→ WORK TO COMPLETE: In this exercise, write out the data word for word and leave every image out.

→ STORED DATA:
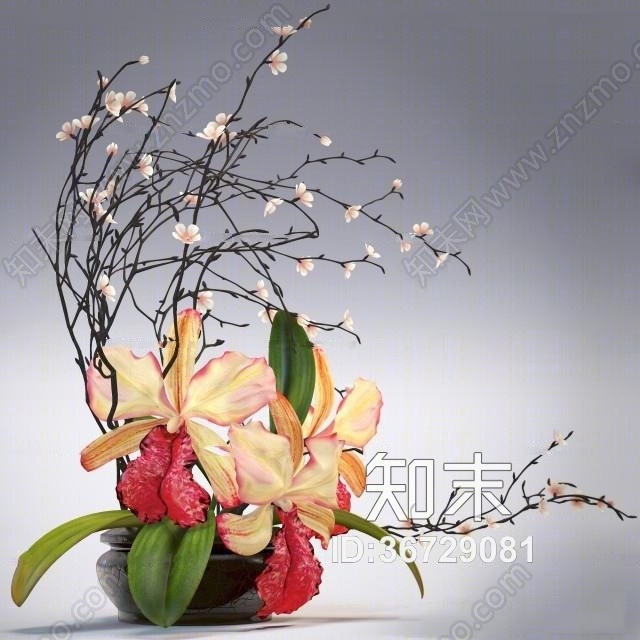 现代花盆花卉插花3D模型下载【ID:36729081】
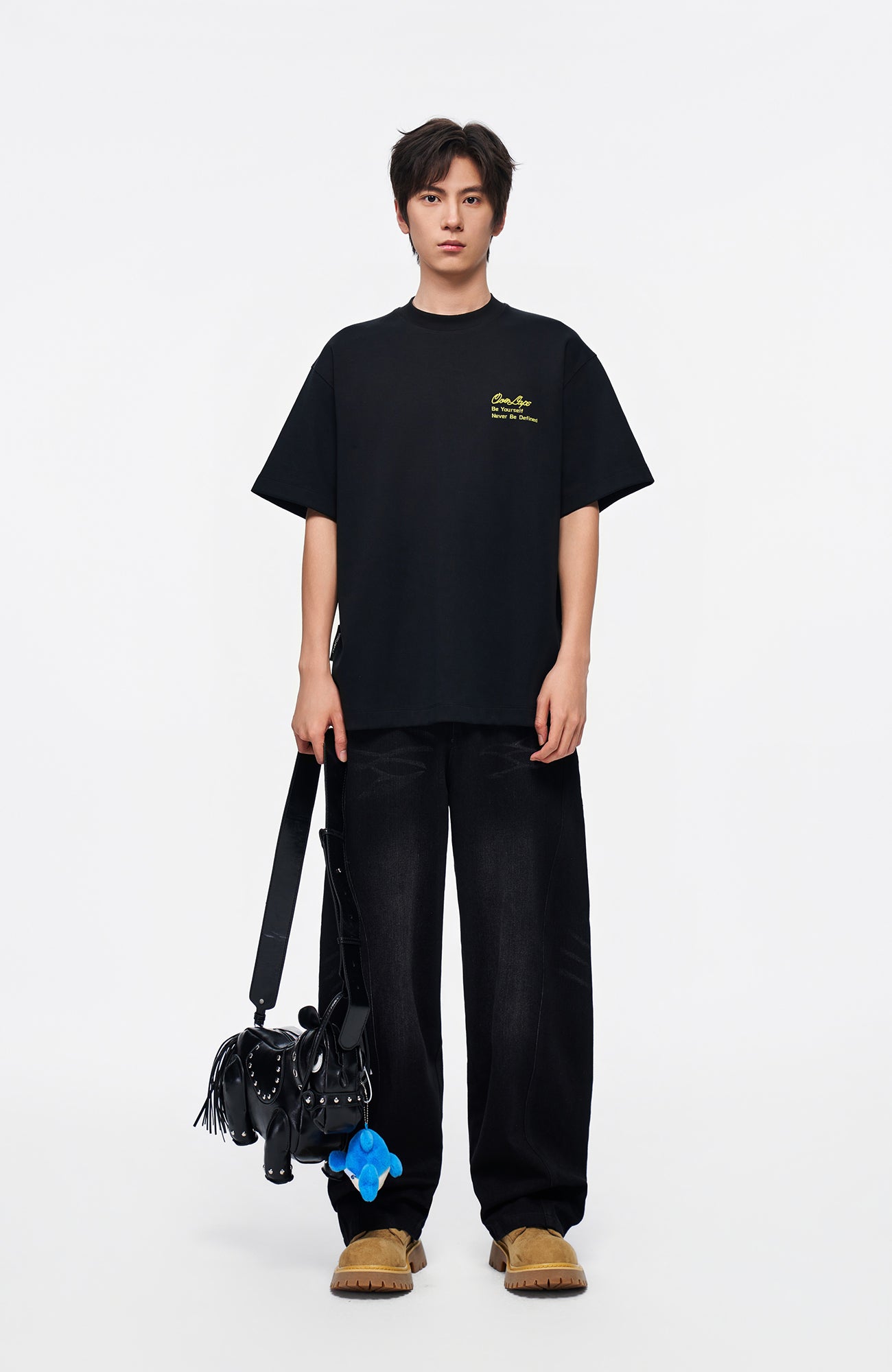 OVERLAPS Slim Curved-Leg Jeans, premium urban and streetwear designers apparel on PROJECTISR.com, OVERLAPS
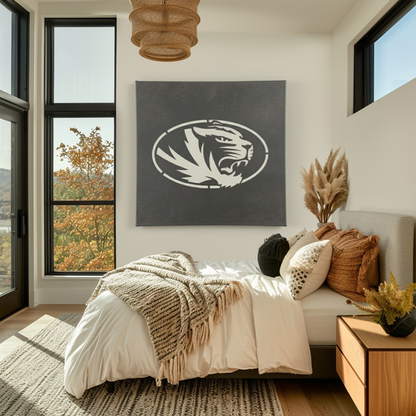 The Oval Tiger - Metal Wall Art- Square Slate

→ EXPECTED ANSWER:
 现代花盆花卉插花3D模型下载【ID:36729081】
 OVERLAPS Slim Curved-Leg Jeans, premium urban and streetwear designers apparel on PROJECTISR.com, OVERLAPS
 The Oval Tiger - Metal Wall Art- Square Slate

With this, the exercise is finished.